Our Potential (“we shall be like Him”)
Are we changing daily? Are we maturing in our walk of faith? (Romans 12:1-2) Are we truly striving to become more Christlike? On that day (“when he shall appear”), we shall be changed (“we shall be like Him”). There will be no more sorrow, no more grief, no more pain, no more disease, and no more death.
We all, as a whole, face constraints. Individuals who have physical, mental, or emotional impediments are particularly mindful of this. Some people might be visually impaired; however, they can see a better approach to living. Some people might be hard of hearing; however, they can hear God's Good News. Some people might be debilitated, yet they can stroll in God's adoration. Likewise, they have the consolation that those impairments are just impermanent.

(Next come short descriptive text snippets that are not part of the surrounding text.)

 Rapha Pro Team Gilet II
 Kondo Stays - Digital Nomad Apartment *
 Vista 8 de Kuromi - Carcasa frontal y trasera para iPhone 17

Paul lets us know that we will be given new bodies when Jesus returns, and these bodies will be without those impediments, never to die or to have any debilitating ailments. (1 Corinthians 15:49-52)
Our Purity (“this hope in him”)
The Christian life is a course of turning out to be increasingly Christlike (Romans 8:29). This cycle will not be finished until we see him eye to eye (1 Corinthians13:12; Philippians 3:21). Yet realizing that it is our definitive objective ought to persuade us to decontaminate (purify) ourselves. To refine (purify) means to keep ethically straight, liberated from the defilement of transgression. God purges (purifies) us as well, yet there is a move that we should make to remain ethically fit.
In being in line with God, we must humble our hearts to Christ, submit ourselves to His will, and commit our lives to Him. We should strive to become more like Christ. Do not fall for the worldly treasures of this life but lay-up treasures in heaven.
In being part of the family of God implies that we have a reason in this life that has timeless importance. As a part of the family of God, we are given profound spiritual gifts that we are to use to develop and reinforce the family, and that is the body of Christ (1 Corinthians 12). As a member of the family of God, we have the obligation and prerogative to broaden out the summons to others to trust and believe in Christ and become members of God’s family with us.
It is one thing to affirm that we know Christ and that we are in him. It is another to live a life that shows that Christ is our righteousness. It is impressive to realize that positionally we are in Christ and that we are acknowledged as the “beloved” (verse 2), however it is another thing to continue with a daily existence that is proportionate with that. John is letting us know that the method for perceiving who are our spiritual family members is by their lives and not their lips. A family trait for God the Father and his children is righteousness. And as a member of the family of God, we are to be an example of that righteousness.
Where is our position? Are we peculiar people? What about our potential and are we living a life of purity? And do we have a purpose? If not, then why not?